Go Home | Teen Ink

Go Home

April 2, 2015
By EsperanzaGonzalez GOLD, Santa Rosa, California
EsperanzaGonzalez GOLD, Santa Rosa, California
15 articles 2 photos 0 comments

More than anything else in the whole wide world, I would love nothing better, could ask for nothing more, than to go home. Home….home is not the sad, brown house I drag my feet to after school. Not that one, the one with chipped paint, where a thousand arguments have emerged and have never truly been dealt with, where I sometimes look in the mirror and feel ugly. Not there, where I lie in bed and stare my glassy stare at the same cracked walls that seem to have ensnared me for the past five years. The house that I once snuck out of, in the dead of night, so I could creep into my mother’s car and cry. Not that one, not that house. Home is a place hidden between the honey sweet words of books. It is somewhere asleep under the brush strokes of paint, in the ink of a good pen. Home is the air I breath when standing in the center of a stage. Someday it will be a place, a real place with a door and windows and everything. But that day is not today, so instead I do the work that must be done to get there and when I have the time, I dream about what that place will be like, how it will look or sound. Sometimes it is painful to live that way, sometimes it is simply painful to live. But such things cannot be helped. I live to find- no to make- a home and that is my story.        

 

It is 2008. The recession hits and everywhere I look there are for sale sings planted in the lawns of old and new houses alike. One of these for sale signs sits in front of my own home. It sits there mocking me. Two white wooden poles hold it up- white, a symbol of false purity-one sprouting from the ground, the other sticking out the side at the top with the shiney board hanging from it on two short chains. A picture of some smiling woman with neat hair and a fine pressed suit is on this board. I do not know who this woman is but I hate her. I hate her with a passion, for always being there, right outside our house, our home, smiling while the rest of us inside are in a panic still not knowing where we will go. when I come home from school, I have to fight off the intense desire to kick the sign down.  I am in sixth grade, eleven years old, too young to understand vague words like recession and bankruptcy; But, I am not too young to understand that my mother crying is a sign that whatever is happening is serious. I never did kick the sign down, I figured that it would probably be my mother who would have to pick it up and that was a sight I did not think I would be able to handle.       

 

  A couple months later  we have moved out of our comfortable life in 1900 west avenue and moved into a minute, two bedroom apartment with a second family.
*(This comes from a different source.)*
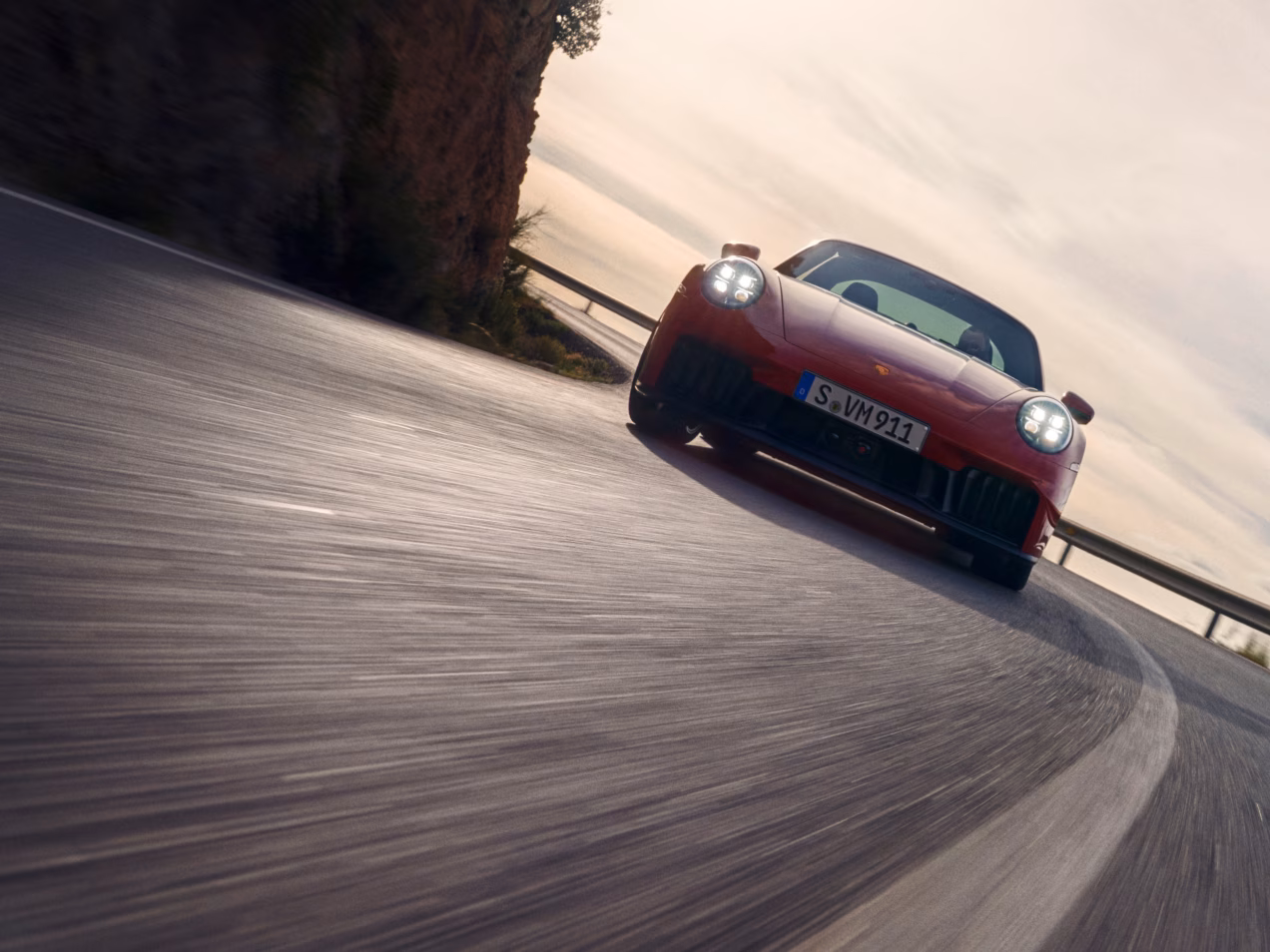 Porsche 911 Targa 4 GTS in Carmine Red driving through a corner on a road in a mountainous landscape. Front view from the front.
Together we form a unit of eight. there is hardly room to breath inside and so I resort to spending all my time wandering about outside. My mother screams at me for walking around like a stray dog; but what is a stray dog? it is a dog without a home and this apartment we are inhabiting is no home of mine. I do not say this, I simply stare blankly at cold, plain walls while my mother’s lecture moves from my wanderings to the way I dress to my weight to my hair to my lack of responsibility and unlady like manner. It was the beginning of my struggle with not only my lack of home but also with all the things that made me just slightly different than everyone else. It was only the beginning of my mother’s vituperative comments, of being called ugly, of being told I was a freak.   

 

It was also then that I became the subject of ridicule in school. One of the girls in my class had convinced all others that it would be jolly fun to ignore me, except, of course, in the select few moments when she would humiliate me with what she would later argue as “jokes.”  I had no allies, no friends. no one ever tried to comfort nor defend me. In the next year My family would move into and old brown house on the otherside of town. I would go to a middle school of the same school district, with the same classmates. Not that it truly mattered because by then I would be a misanthrope with a complete and utter disbelief towards friendship. Loneliness, I found out, is addictive. Shunned by my classmates and criticized constantly in the very place that was suppose to be, but was not, home. There was no where to go. No one place I belonged. I was not wanted either here nor there and continue not to be now.       But, even so, I never stopped believing that there was somewhere, that there is somewhere. This is what drives me in everything I do, what convinces me to keep breathing, keep living. Even when loneliness bores into me, I truly believe that someday I will…..go home. I never stopped being who I was, I never stopped pursuing the things I loved, doing what I thought was right, that is what lead me through all the terrors of my life  No matter what anyone said to me. I did not need my mother to proclaim me pretty to know that I was. I needed only my own validation to know what I was worth.